There’s saving grace, there’s sanctifying grace, there is grace for suffering. Remember Paul in 2 Corinthians 12 prayed that God would take away his thorn in the flesh? God basically said, “No, but I’ll give you something to endure and bear it, my grace.” And God said to Paul, “My grace will be sufficient,” everything that you need, God’s all-sufficient grace; and God said to Paul, “My strength shall be made perfect in your weakness.” Paul said, “Okay, if that’s the case, I’ll glory in my weaknesses.” You say, “Paul, you’ve lost it. Glory in your weaknesses?” He said, “Yeah, because when I am weak, then am I strong,” that’s the good thing. I believe that when we fail the grace of God, we fail in our suffering and our chastisement to experience God’s grace sustaining us, strengthening us, and helping us through that time. When you’re really being chastened and you’re really suffering, what do you need? You need God’s grace. Amen? You certainly need God’s mercy.

I tell you, I’ve been praying for God’s grace and mercy in my own life a lot lately, “God, be gracious to me. God, give me Your strength. God, help me with Your mercy. Be merciful unto me, O God, according to thy lovingkindness and multitude of thy tender mercies,” and we cry out to the Lord for grace and strength.

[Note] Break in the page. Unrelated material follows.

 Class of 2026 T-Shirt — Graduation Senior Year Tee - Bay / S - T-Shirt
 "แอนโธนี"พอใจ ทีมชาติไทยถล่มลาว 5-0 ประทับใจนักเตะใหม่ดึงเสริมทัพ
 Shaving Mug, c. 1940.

Be careful when you’re being chastened that you don’t fail to rely upon the grace of God. We’re saved by grace, we’re sanctified by grace, we serve by grace, and by grace will lead us home to heaven one day. Salvation is all the grace of God, but we must, “Follow peace…and holiness, without which no man shall see the Lord.”

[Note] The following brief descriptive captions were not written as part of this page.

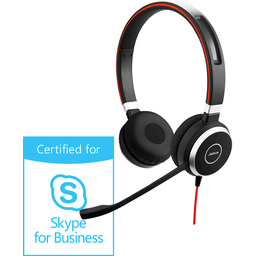 Jabra Evolve 40 duo MS słuchawka z mikrofonem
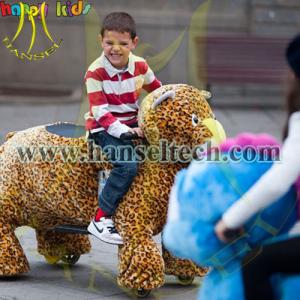 Wholesale Hansel electronics stuffed animal ride electric toy car from china suppliers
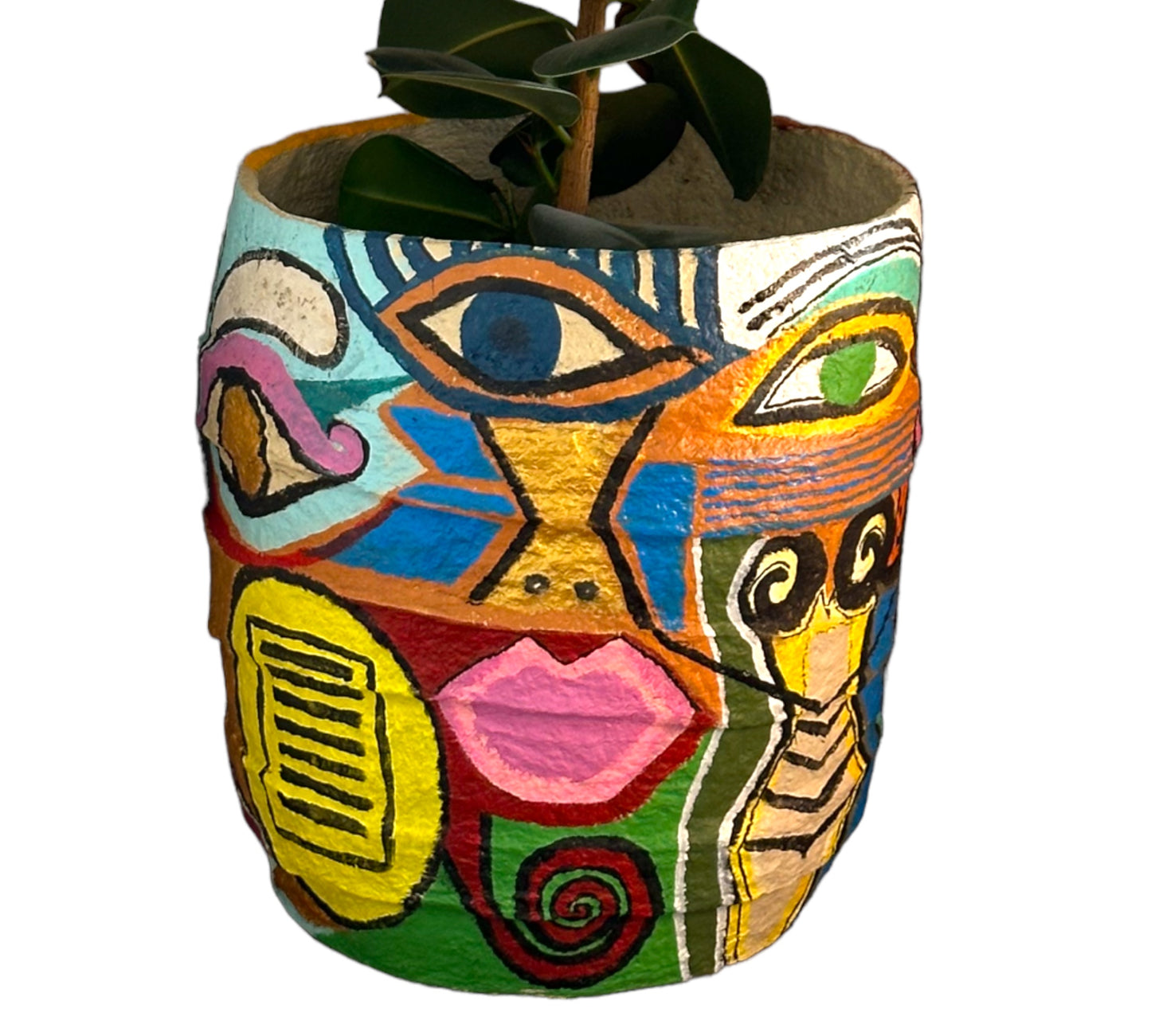 Paper Mache Vessel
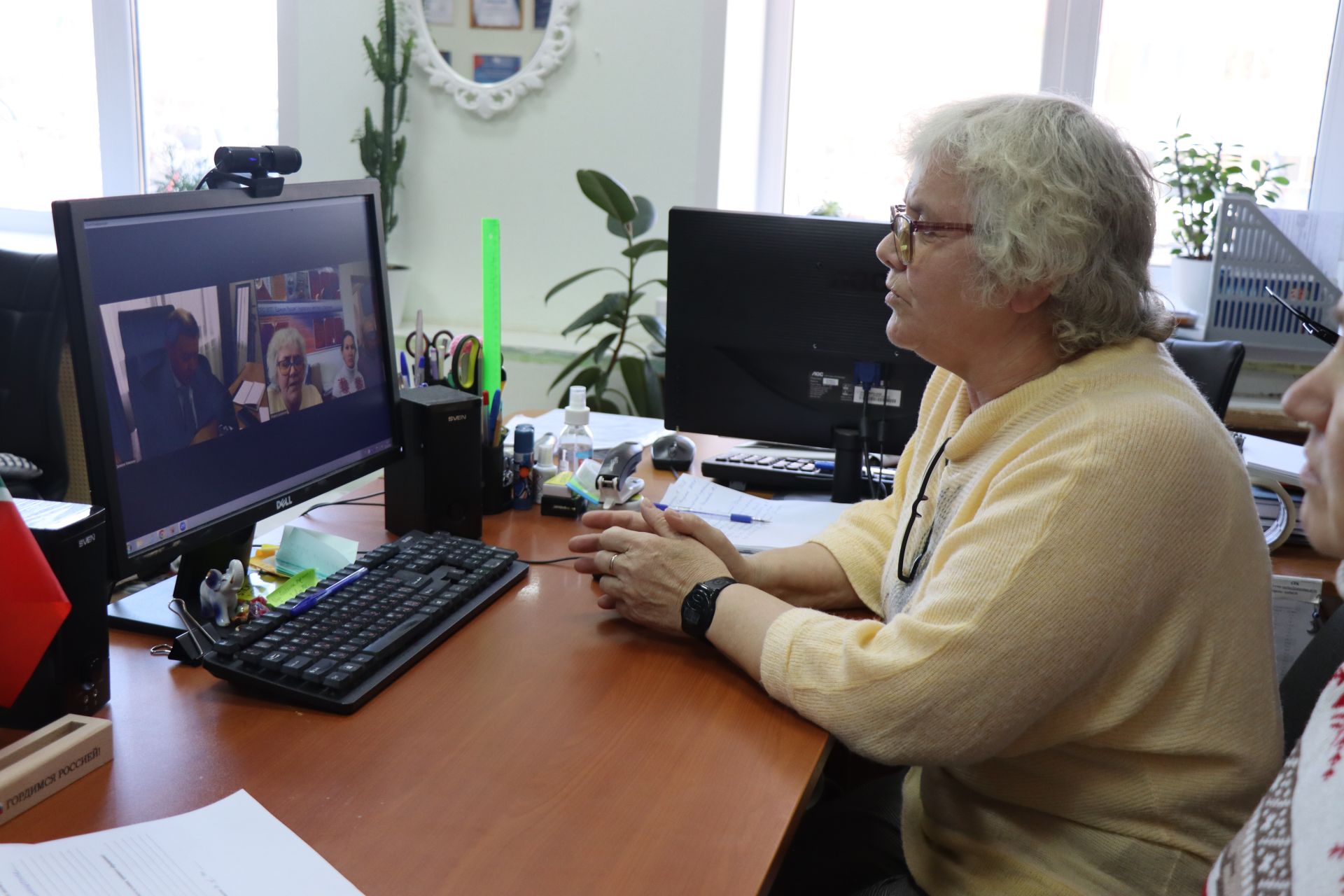 Депутат Государственного Совета РТ Мякзюм Салахов провел прием граждан для нурлатцев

Secondly, we can fail in that we allow a “…root of bitterness springing up trouble you.” The word “trouble you” was used in other places in the New Testament for demons vexing people. Some of the gospel stories when people where afflicted by demons, they were vexed by a demon, the Bible says. It’s the same concept. It’s a sad day when we let bitterness or anger…some people as Christians get just a bad attitude toward others, toward God, toward their circumstances. They sour, they don’t rely upon God’s grace and, rather than becoming better, they become bitter. Let me tell you, one of the secrets of life in the Christian life and growing in maturity is experiencing bitterness but not becoming bitter yourself, is experiencing hardships but not hardening your heart, is going through life’s difficulties, but not letting it embitter you but rather make you sweeter.

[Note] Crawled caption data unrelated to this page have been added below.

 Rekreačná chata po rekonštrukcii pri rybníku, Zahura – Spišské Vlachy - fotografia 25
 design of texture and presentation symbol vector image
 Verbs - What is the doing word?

The same sun that would melt wax can also harden clay. Two individuals can go though the same situation, one becomes hard and bitter and they fail the grace of God, they don’t grow in grace and in knowledge, and they don’t pursue after righteousness and holiness; the other one allows the Lord to work in his life, they’re exercised thereby. Remember verse 11, it doesn’t, “…seemeth to be joyous, but grievous,” but “yieldeth the peaceable fruit of righteousness,” if you yield to it, and God produces that good work in our life. Notice the, “…springing up trouble you.” It’s a picture of a weed in the soil of your heart springing up and choking out your Christianity, your walk with God. Maybe tonight this might be the point that convicts you or speaks to your own heart. Maybe you’ve been troubled or bitter, upset that God would allow some of the sorrows and suffering in your life, and you’re in danger of becoming troubled and bitter.

Notice, lastly, “…many be defiled.” The phrase there “defiled,” all the Greek scholars that I consulted said it’s clear, it’s reference to moral defilement. What happens is you fall into sin and sinful behavior, so it’s a moral lapse or moral defilement. This is the wrong way to go—we fail God’s grace, we turn bitter, and we become defiled, moral defilement. Notice it says, “many.” First, verse 15, “…lest any root of bitterness,” and now, “many be defiled.” You can interpret that in two ways: Many individuals are defiled because they don’t respond correctly, or that we, if we don’t respond correctly, defile many other people around us. We have an ill effect on many other people, and we defile them morally.

Right actions, verses 12-14; straighten up, walk straight paths, aggressively pursue or follow peace and holiness; avoid wrong attitudes, verse 15; and thirdly, verses 16-17, an example. Everything we’ve just talked about, we have an example, a bad example. You know, the Bible gives us not only good examples to follow, but bad examples to avoid. Some of the most powerful lessons in the Bible are bad examples to avoid.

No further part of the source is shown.